Firstly, I accidentally posted the message when it was still in draft format and that is what you responded to . . . that has been corrected.

I also got the feeling that Mayday may not be the right people to fix this problem, I'll call Amazon tomorrow!

Thanks, Bill


----------



## Betsy the Quilter (Oct 27, 2008)

Let us know!

Betsy


----------



## MrBill (Nov 25, 2012)

Betsy the Quilter said:


> Let us know!


The problem is solved!

I probably made a mistake when I deregistered my HD and then registered my HDX with the same name. After registering the HDX, I went to MYK "Manage Your Devices" where I found that I had two Kindles registered to me: "Bill's Kindle" and "Bill's Kindle Cloud Reader".

To attempt to fix the problem, I first downloaded a test book to my HDX and synched the HDX to the MYK cloud.

Next, I deregistered both of these Kindles, then registered the HDX, renaming it "Bill's HDX". The account "Bill's Kindle Cloud Reader" did not show up again in MYK.

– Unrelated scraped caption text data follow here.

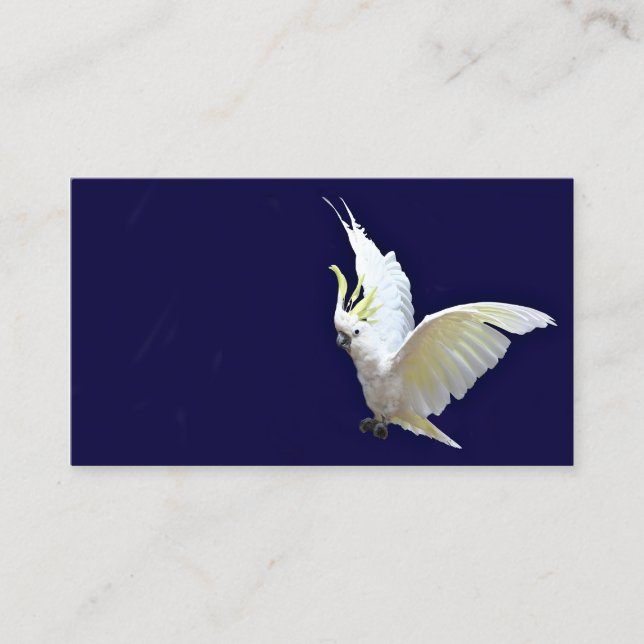 Carte de visite de cockatiel de vol (Devant)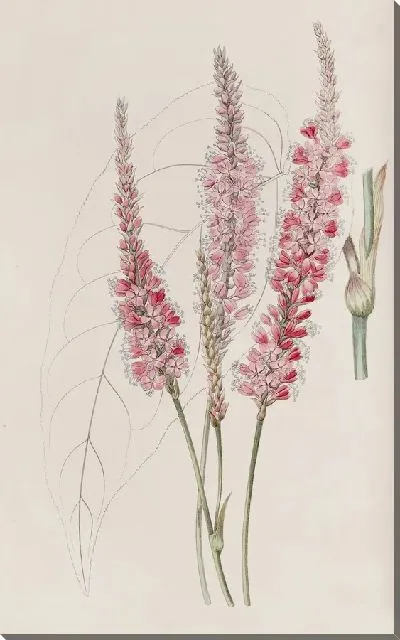 Картина Полигонум, обхватывающий стебель (1815-1819)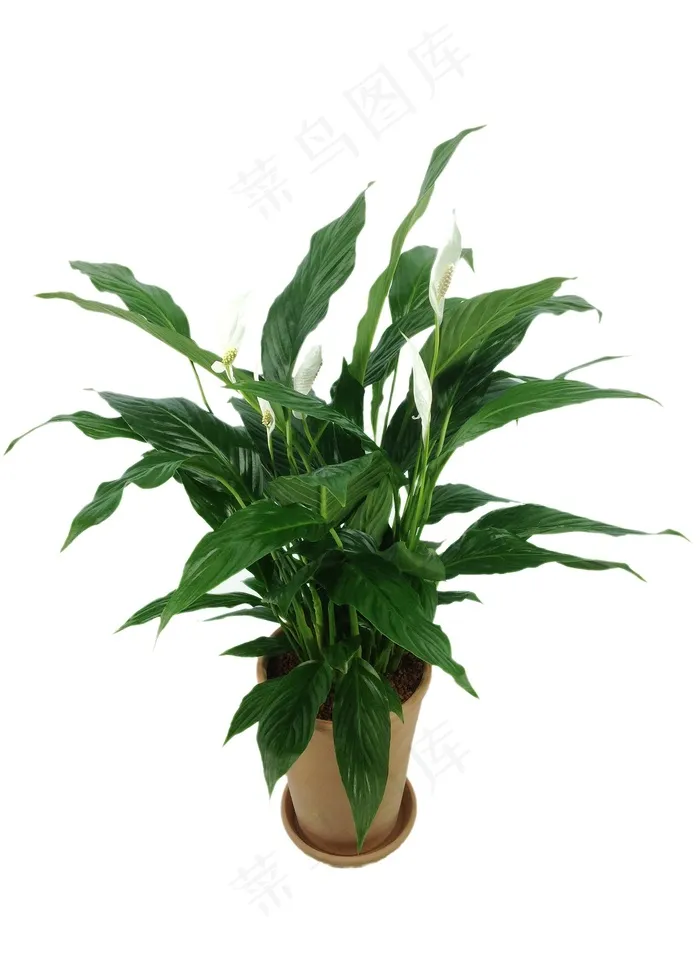 绿巨人，植物，空气，净化器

I checked my HDX and found that all books were gone, just as I would expect. So I synched the HDX to MYK, then gave it 1/2 hour or so to ensure that all the links appeared in the HDX Cloud.

Next I clicked on the test book in the HDX cloud to download it to my device. I then deleted it from the MYK cloud and synched the HDX. The test book had been showing in the HDX's cloud, device, and home page, but now it was gone from all three locations!

I'll be testing this again as I finish more books, but my guess is that the problem is resolved without my having to call Amazon's customer support.

BTW - I just checked and found that I have exactly 1,000 books and 7 apps on the HDX . . . you can see where my interests lie!  I'm wondering if the large amount of books I have on the device caused the hiccups? I would think not, but what do I know?

Thanks everyone for the help!

- Bill


----------



## Ann in Arlington (Oct 27, 2008)

I bet the problem was that you'd given two devices exactly the same name . . .even if you didn't own both of them at the same time.  Glad you got it sorted.


----------